Fields, a native of Effingham and a graduate of
Southside High School, was a member of the first three Lady Patriot
basketball and volleyball teams (1973-1976). She earned the
B.A. degree in sociology in 1976 and currently resides in
Minneapolis, Minn., where she is an advocacy administrator with the
Minneapolis Urban League. In this senior management position,
she is responsible for the general administration and management of
the Policy Advocacy and Community Education Division of the local
organization.
On the basketball court at Francis Marion, she amassed 1,158
career points and 1,186 rebounds, while the Lady Patriots compiled
a three-year record of 50-24. She is one of only four Patriot
cagers to record 1,000 points and 1,000 rebounds. She still
holds the FMU (male or female) single-game record for rebounds with
32. As a senior, she helped lead Francis Marion to a
sixth-place finish at the AIAW Small College National Tournament in
Ashland, Ohio.
On the volleyball court, she helped the Lady Patriots to a
three-year mark of 45-37. While earning SCAIAW Tournament
All-Tournament honors in 1974, she helped Francis Marion gain a
berth in the AIAW Region II Tournament. She was also a member
of the 1976 Francis Marion women's track and field club team.

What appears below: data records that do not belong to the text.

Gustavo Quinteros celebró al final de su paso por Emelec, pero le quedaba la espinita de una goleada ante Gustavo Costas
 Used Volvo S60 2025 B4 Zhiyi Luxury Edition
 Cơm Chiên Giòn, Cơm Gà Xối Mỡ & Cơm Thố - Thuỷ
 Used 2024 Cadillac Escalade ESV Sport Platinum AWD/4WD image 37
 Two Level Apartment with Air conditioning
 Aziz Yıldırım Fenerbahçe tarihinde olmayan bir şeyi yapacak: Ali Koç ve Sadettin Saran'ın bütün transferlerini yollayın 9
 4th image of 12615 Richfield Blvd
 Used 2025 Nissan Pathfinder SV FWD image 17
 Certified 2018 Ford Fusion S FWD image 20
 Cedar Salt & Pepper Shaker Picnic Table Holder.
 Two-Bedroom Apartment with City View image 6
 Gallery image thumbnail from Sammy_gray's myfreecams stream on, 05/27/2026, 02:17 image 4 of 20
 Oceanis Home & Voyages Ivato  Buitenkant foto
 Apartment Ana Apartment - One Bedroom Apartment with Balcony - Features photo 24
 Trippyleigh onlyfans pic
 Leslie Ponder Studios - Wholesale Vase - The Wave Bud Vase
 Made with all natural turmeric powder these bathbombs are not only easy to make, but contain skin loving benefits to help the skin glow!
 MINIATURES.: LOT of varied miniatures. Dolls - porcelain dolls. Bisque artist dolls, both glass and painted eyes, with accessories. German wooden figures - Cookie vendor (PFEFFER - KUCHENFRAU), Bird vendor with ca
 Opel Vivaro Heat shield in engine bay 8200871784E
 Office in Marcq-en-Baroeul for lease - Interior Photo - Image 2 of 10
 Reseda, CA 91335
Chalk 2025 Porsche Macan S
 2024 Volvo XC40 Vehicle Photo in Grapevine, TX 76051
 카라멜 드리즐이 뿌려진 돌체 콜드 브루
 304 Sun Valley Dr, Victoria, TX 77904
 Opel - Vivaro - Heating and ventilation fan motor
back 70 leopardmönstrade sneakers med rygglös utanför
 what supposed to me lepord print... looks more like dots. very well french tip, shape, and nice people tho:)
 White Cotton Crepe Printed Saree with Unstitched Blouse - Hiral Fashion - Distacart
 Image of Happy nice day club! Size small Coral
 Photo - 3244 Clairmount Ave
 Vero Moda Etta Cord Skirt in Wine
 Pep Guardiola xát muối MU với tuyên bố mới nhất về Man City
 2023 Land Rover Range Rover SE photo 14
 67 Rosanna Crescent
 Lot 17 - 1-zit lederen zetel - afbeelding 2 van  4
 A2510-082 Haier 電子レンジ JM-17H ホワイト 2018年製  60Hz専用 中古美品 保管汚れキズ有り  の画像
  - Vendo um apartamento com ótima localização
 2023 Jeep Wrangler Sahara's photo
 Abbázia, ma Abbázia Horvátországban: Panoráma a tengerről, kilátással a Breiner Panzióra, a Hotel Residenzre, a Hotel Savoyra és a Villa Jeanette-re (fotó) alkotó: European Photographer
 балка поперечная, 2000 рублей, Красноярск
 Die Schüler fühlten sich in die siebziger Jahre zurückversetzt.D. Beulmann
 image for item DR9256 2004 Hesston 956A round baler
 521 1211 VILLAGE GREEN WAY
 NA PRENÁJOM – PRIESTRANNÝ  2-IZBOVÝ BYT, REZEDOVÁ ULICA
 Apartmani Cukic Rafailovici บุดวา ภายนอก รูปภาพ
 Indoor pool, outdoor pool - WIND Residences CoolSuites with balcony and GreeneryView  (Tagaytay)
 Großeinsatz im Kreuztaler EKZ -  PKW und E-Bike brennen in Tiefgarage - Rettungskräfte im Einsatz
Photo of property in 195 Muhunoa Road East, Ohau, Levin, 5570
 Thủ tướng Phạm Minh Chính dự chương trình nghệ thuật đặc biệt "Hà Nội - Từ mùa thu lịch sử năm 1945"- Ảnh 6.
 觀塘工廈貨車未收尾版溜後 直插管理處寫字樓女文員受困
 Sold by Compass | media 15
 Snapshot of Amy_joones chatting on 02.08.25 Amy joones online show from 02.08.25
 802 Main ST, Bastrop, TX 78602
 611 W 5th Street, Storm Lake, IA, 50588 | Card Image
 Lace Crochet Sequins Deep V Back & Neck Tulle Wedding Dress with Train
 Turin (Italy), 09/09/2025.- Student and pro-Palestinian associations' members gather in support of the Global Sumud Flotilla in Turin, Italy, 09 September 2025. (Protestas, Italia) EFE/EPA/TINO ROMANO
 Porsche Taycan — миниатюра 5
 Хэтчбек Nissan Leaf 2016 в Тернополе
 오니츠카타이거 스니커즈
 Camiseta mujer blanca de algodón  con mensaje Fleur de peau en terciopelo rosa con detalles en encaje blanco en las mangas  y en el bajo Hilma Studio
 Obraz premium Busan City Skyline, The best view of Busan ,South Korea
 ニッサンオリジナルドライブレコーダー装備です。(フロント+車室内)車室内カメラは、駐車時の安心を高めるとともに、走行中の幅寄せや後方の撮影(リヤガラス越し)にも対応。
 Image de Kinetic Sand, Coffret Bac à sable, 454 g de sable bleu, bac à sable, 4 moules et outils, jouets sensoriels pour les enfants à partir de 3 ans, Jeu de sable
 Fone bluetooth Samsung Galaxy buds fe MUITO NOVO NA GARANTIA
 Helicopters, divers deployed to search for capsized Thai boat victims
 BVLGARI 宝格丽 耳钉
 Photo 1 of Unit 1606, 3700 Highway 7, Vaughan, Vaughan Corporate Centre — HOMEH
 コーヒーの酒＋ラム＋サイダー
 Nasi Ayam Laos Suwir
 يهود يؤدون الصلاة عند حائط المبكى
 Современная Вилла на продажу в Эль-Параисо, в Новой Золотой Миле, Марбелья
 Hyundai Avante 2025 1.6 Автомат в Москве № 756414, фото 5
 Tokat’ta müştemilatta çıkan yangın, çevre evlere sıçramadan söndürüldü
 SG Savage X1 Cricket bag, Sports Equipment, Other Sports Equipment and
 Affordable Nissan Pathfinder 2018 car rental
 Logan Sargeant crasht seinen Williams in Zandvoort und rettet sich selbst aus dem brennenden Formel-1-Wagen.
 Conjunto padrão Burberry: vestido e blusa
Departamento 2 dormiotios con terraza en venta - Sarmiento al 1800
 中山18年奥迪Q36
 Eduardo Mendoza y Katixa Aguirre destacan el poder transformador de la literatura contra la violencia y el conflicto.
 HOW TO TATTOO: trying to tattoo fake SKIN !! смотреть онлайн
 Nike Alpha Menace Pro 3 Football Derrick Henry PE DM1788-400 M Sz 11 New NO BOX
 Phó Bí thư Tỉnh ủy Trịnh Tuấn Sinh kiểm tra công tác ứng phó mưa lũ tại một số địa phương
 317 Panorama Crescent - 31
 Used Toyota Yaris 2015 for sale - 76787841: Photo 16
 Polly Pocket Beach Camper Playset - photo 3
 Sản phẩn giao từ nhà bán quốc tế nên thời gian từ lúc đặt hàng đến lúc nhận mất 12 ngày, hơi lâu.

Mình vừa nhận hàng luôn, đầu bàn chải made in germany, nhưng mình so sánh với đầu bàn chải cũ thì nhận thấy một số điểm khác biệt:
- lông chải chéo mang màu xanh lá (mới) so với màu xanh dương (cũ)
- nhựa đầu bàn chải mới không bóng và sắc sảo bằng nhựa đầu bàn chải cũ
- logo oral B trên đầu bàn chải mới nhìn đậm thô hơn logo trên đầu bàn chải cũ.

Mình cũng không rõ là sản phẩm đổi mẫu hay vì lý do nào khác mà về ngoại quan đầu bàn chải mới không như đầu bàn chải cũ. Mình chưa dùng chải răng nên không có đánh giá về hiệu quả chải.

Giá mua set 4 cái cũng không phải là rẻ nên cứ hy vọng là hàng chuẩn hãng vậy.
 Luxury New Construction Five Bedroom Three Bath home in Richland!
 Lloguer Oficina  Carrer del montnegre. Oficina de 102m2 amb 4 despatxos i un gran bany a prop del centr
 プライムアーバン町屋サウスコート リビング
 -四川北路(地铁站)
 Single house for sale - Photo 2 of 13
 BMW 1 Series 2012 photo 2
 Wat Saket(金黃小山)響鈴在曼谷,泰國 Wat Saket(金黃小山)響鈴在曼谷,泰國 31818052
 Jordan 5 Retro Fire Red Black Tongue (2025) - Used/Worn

Following graduation, Fields served as a graduate assistant
basketball coach for two years at Salisbury State
College. After earning the M.Ed. degree from Salisbury
State, she was named the head women's basketball coach at Morgan
State University in Baltimore, Md. In seven seasons, she
recorded a 123-61 mark and guided the Lady Bears to three 20-win
seasons, five regional tournaments, and two national
tournaments. Following a 24-4 season in 1980-81, she was
named the AIAW Division II national "Coach of the Year."
In 1986, she took the position of assistant coach at the
University of Minnesota and became head coach a year later.
Prior to leaving the university in 1990 to pursue new career
opportunities outside of coaching, she compiled a 24-59 record in
three seasons. In 10 seasons as a college head coach, she
amassed a 147-120 record.
Beginning in 1990, Fields worked for four years with the
Minneapolis YWCA as director of youth services and the Ruth Hawkins
Program Center. She joined the staff of the Urban League in
1994 as director of the Police Community Training Project and the
Minneapolis Curfew/Truancy Center, before taking her current
position in 1996.
She is a member of several Minneapolis area committees and is a
board member for The Bridge for Runaway Youth, the Minneapolis
Municipal Athletic Association, the Minneapolis Police Athletic
League, and the Leadership for Black Women. Fields has also
done some motivational speaking engagements, in addition to
numerous electronic and print media interviews.